The little Lambton girl is just one of 32 children in the world with carnitine-acylcarnitine translocase deficiency.

It is a rare disease that inhibits the breakdown of fats, causing a toxic build-up in the liver resulting in organ failure.

Most babies born with the condition do not live longer than 48-hours and in July Mollyjane became the longest surviving person in the world with the condition.

Mollyjane on Sunday marked becoming the first baby born with the illness to turn three.

She has defied medical predictions of brain damage and despite spending her young life in and out of hospital is developmentally on par with her peers.
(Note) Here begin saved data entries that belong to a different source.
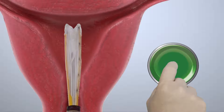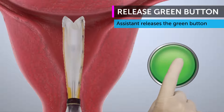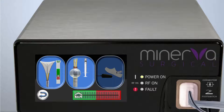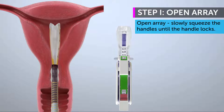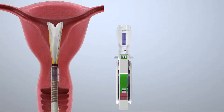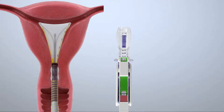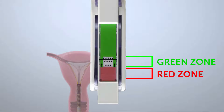Once the device touches the fundus, the physician instructs the assistant to release the green button on the controller. Follow the three steps that are flashing on the screen of the controller. Open the array by slowly squeezing the handles together while gently moving the handpiece approximately one-half centimeter to and from the fundus until the handle locks. Confirm the array opening indicator line is in the green zone.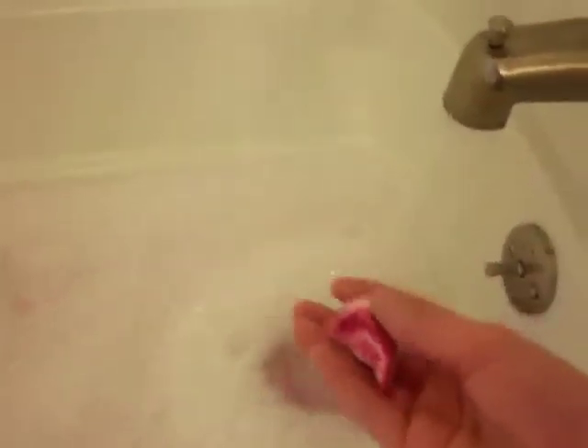I broke off another small piece and ended up using about half of the bar. This is what the bath looks like after I'm finished filling the tub — I'm about to jump in. You can hear the bubbles. I don't know if this camera is going to pick it up, but you can definitely hear the bubbles.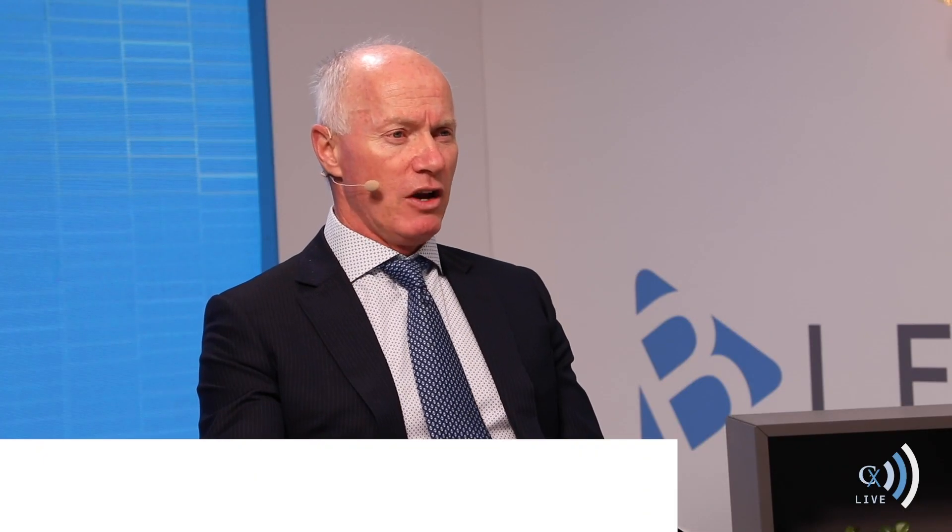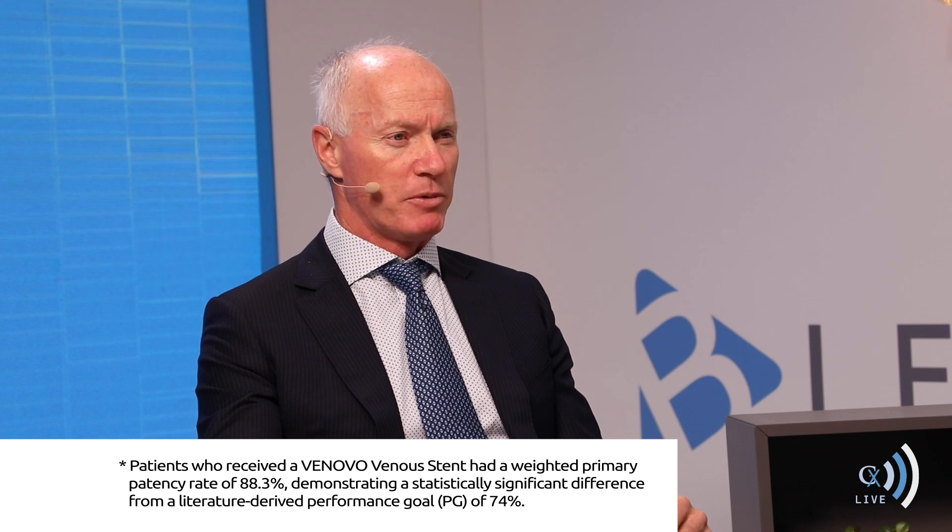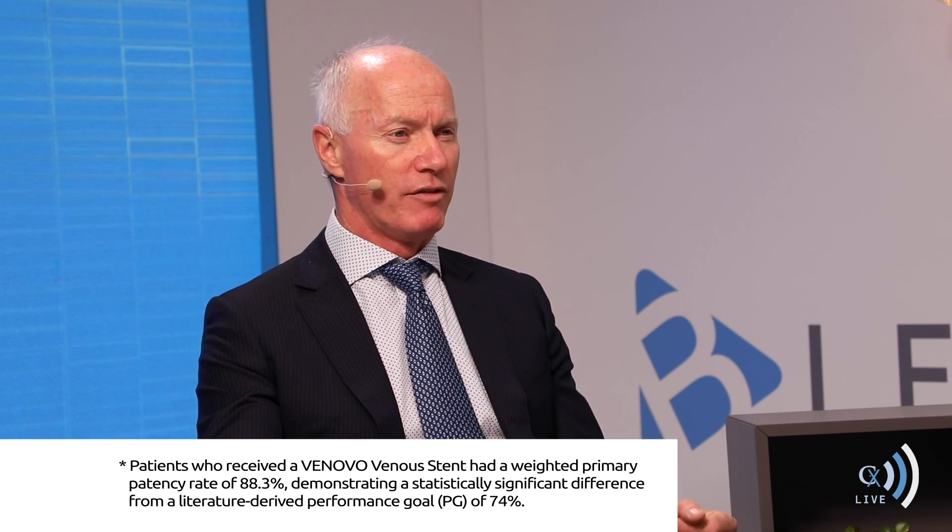At 12 months, the overall patency for the entire stent population was 88.5 percent against a literature-derived number of 74 percent — clearly far superior. Another striking feature was freedom from major adverse events at 94.5 percent versus a literature-derived 88 percent. Again, the Bard-VENOVA exceeded expectations.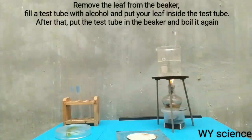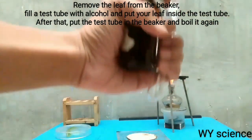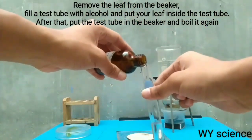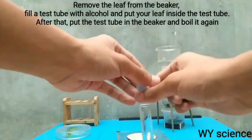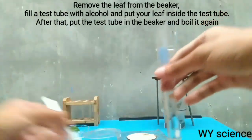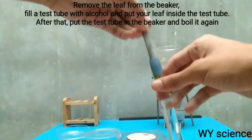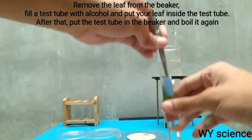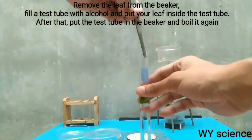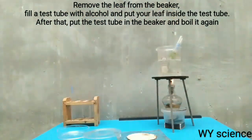The next thing to do is to remove your leaf, get a test tube, and put alcohol in it — we are going to use 90% isopropyl alcohol. Then get your leaf back, put it inside the test tube, try your best to fit it inside, and then put the test tube in the beaker, like this.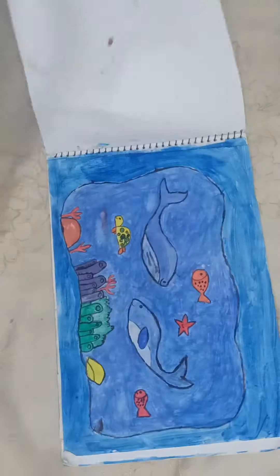Hi guys, welcome back to my channel. I am going to make a purple heart. I have a sketchbook, so I took 2 pages.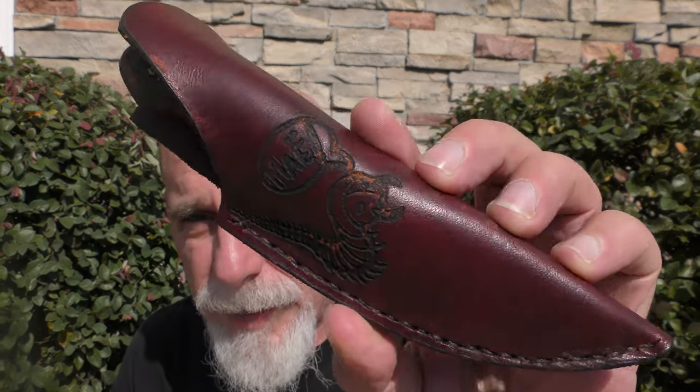May Knives. There's a link in the description box for the website. You're not going to find a ton on their website — he's a one-man operation. He is an artist. I'm going to show you this — this is May Knives. This is the holder it comes in. Wait until you see this.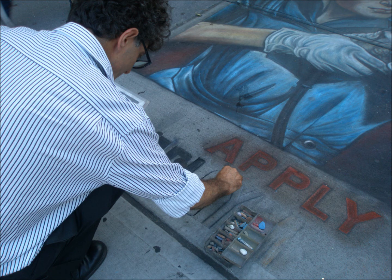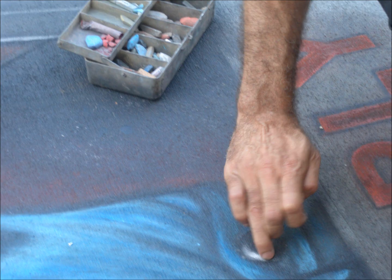I work with my fingers, the tip of my fingers. I enjoy touching the colors with my fingers, feeling the colors.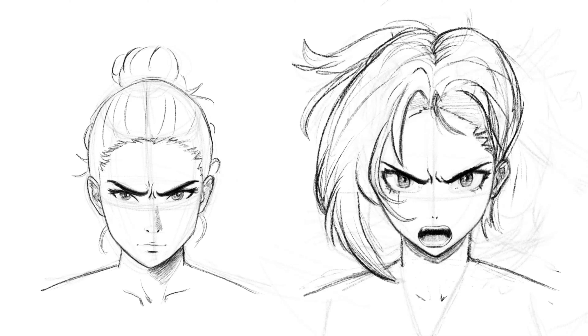Want to capture the raw intensity of emotions in your art? In just minutes, I'll show you how to easily draw anger expressions that breathe life into your characters.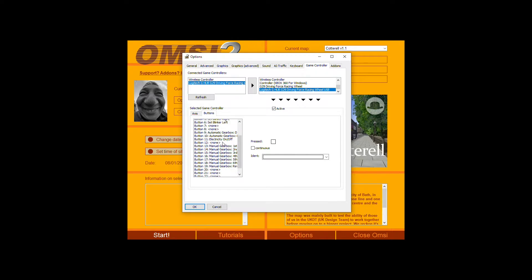For buttons, you can set them up to your preference. My paddle shifters are left and right indicator. I've got electricity on the R3 button, then enter button for engine off. You've got gear shift — manual one, two, three, four, five, six and so on. I've got the share button as Drive, neutral as neutral, and the PlayStation button set to reverse. The circle button is the parking brake. Note that OMPC2 doesn't seem to like the D-pad, so you can't use the D-pad here.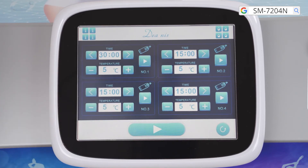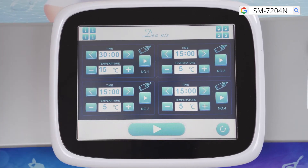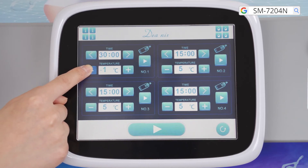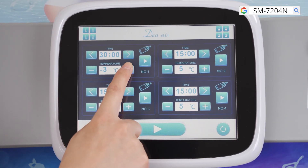When they adapt, increase time to 20 to 30 minutes. Temperature range is minus 10 to 15 degrees Celsius; minus 5 to 5 degrees Celsius is recommended. Start at 5 degrees Celsius at the beginning of the treatment, and when they adapt, lower the temperature gradually.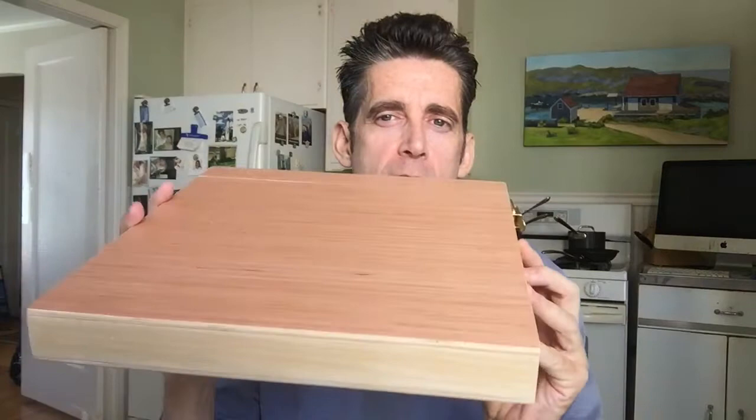Hey guys, so I just finished building another wet panel carrier. This one is a 12x12. I've decided that when I go out and paint I'm going to do 12x12s and 11x14s — those will be my minimum sizes. I haven't been having much luck with the smaller panels. This one has a different kind of latch and I like it much better. It's just made out of cheap plywood — 8th inch plywood from Lowe's, like $12 a sheet for a 4x8 sheet.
Her case has even been written up in medical journals.

The Newcastle Herald has been following Mollyjane’s story since she was a baby.

Mother Jessica said because the condition was so rare every day was new territory.

‘‘This week all we have done is celebrate,’’ she said.

‘‘Three years ago we just didn’t think we would get here.’’

A typical day for Mollyjane includes medications every two to four hours, blood sugar level tests, feeding pump, cardiac monitor and regular injections.

Mollyjane celebrated yesterday with a Dora the Explorer-themed party.

‘‘She is the most good-natured, beautiful kid, but man she’s out there,’’ Ms Boyson said.

More than 120 friends and family helped raise an estimated $1500 for Westmead Children’s Hospital.